The Mayan calendar runs out at the end of 2012, a purported signal that the world will then either face an apocalyptic end or realize a complete transformation of consciousness. Author Daniel Pinchbeck did a lot to popularize the idea, and on my second favorite radio program, Coast to Coast AM, you hear about the 2012 Mayan calendar hypothesis all the time. There’s even a fun sounding movie on the theme coming out in the fall from Sony Pictures. With an economic depression threatening us, naturally these ideas acquire some enhanced plausibility.

Last night, I started reading Pinchbeck’s book — 2012: The Return of Quetzalcoatl — and, apart from its being very vividly and effectively written, the thing that struck me most so far is his description of growing up in Manhattan under the shadow of scientific materialism:

We were humanists with little interest in science, yet science and its technological expressions were the stabilizing force, the glue holding together our drab and doomed world. Materialism seemed iron-clad; evolution told us how species arise and die out — even the sun would flare out and collapse someday; entropy was the inevitable rule bringing an end to all things.

He cites Bertrand Russell on the modern age — “Only on the firm foundation of unyielding despair, can the soul’s habitation’s henceforth be built.” Pinchbeck continues:

We could chalk up the success of our species to the law of the jungle, genetic mutation, and the survival of the fittest. We implicitly accepted that our identity and memory, feelings and ambitions, were, as DNA researcher Francis Crick confidently proclaimed, “no more than the behavior of a vast assembly of nerve cells and their associated molecules.”

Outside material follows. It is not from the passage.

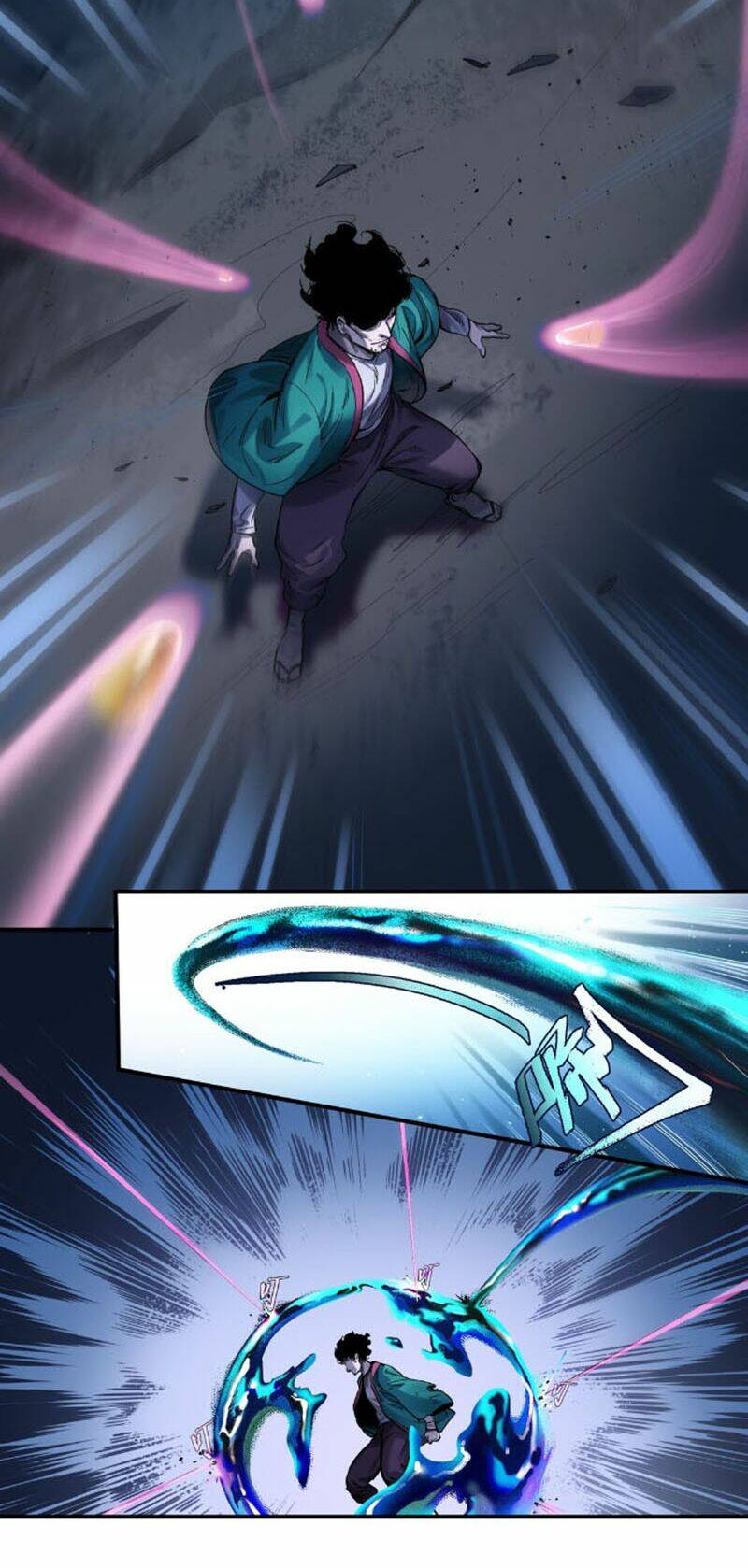 Khởi Tạo Nhân Vật Phản Diện Chapter 52 - Trang 2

No scientist, as of yet, had figured out how consciousness emerged in the brain — but we were assured that it was only a matter of time before that last detail was ironed out….We could rest assured, as well, that therw was no life after death, no continuity of soul or flight of spirit.”

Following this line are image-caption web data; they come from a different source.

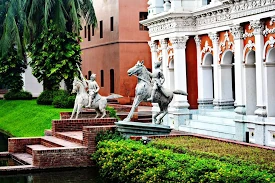 Local Guides Connect - সোনারগাঁও এর লোকশিল্প জাদুঘর ও পানাম নগর - Local  Guides Connect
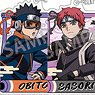 Naruto Trading Acrylic Key Ring (Set of 7) (Anime Toy)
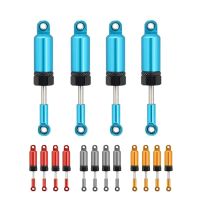 4PCS Full metal Shock Absorber for Wltoys A959 A959-B A949 A969 A979 K929 Damper Upgrade Accessories 1/18 RC Car Parts Screw Nut Drivers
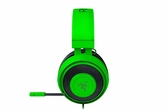 Casque Gaming Filaire RAZER : Kraken Pro V2 Oval Vert - PC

Russell’s word for this — “despair” — summarizes the outcome of the social forces unleashed or at least hurried along by Darwinism. Pinchbeck goes on to tell how he dropped out of Wesleyan University from of “a combination of intellectual boredom and erotic failure,” after which he began a search for meaning amid modern nihilism that lead him ultimately to his…interesting theories about the return of a Mayan “plumed serpent” god to earth, an archetype for the transformation of consciousness.

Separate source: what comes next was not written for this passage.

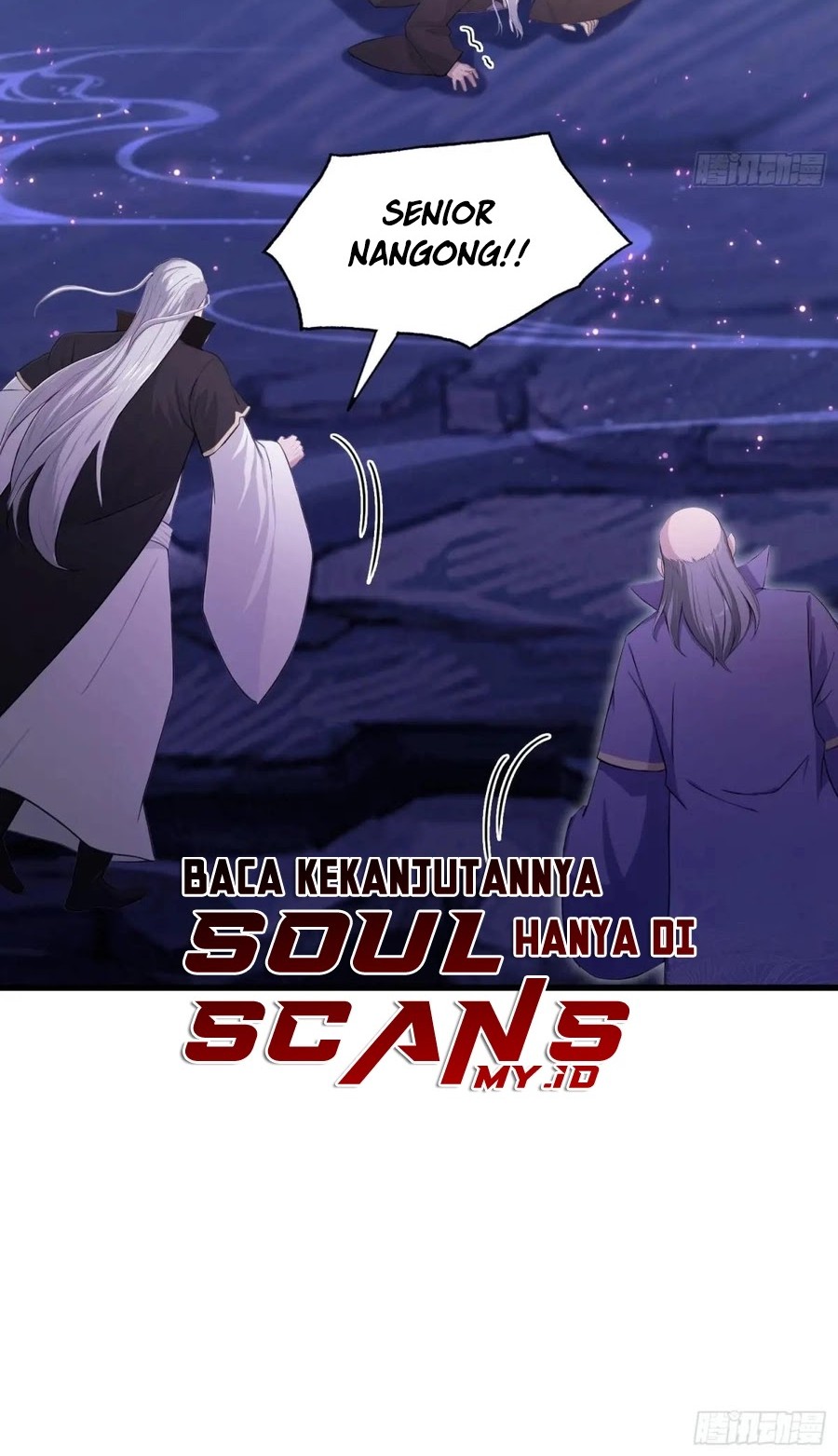 It Turns Out That I Have Been Invincible For A Long Time Chapter 208 Gambar 30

Did I mention that Pinchbeck is Jewish? How could he not be?

I’m not mocking the idea, common to many religions, that history has a sell-by date. The Talmud itself gives its own deadline by which the world either needs to spiritually reform itself or face the consequences. Perhaps more on that another time if you’re interested. (The deadline year is 6000 in the Hebrew calendar, which works out to 2239 CE.)
What’s fascinating is the way that from 19th century spiritualism (a/k/a modern necromancy) to today’s New Age spirituality, alternative religious views have been advanced by a combination of despair, depression, and boredom that followed very naturally for many people from the triumph of materialism in the form of Darwinian theory. Natural selection was seen as having displaced the Biblical God from having had any role in life’s splendid unfolding. Yet the need for spiritual engagement persisted.
This is the obverse side of Darwinism’s social impact that we’ve discussed here already, perhaps to excess. On one hand, you have people driven by materialism to secularism and its allied worldviews.
On the other hand, you have people who are motivated to reject materialism because it’s so empty — but who then, having done so, don’t know where to turn, with traditional faiths being as spineless and dispirited as they are (cf. Francis Collins), and end up embracing these very colorful New Age belief systems.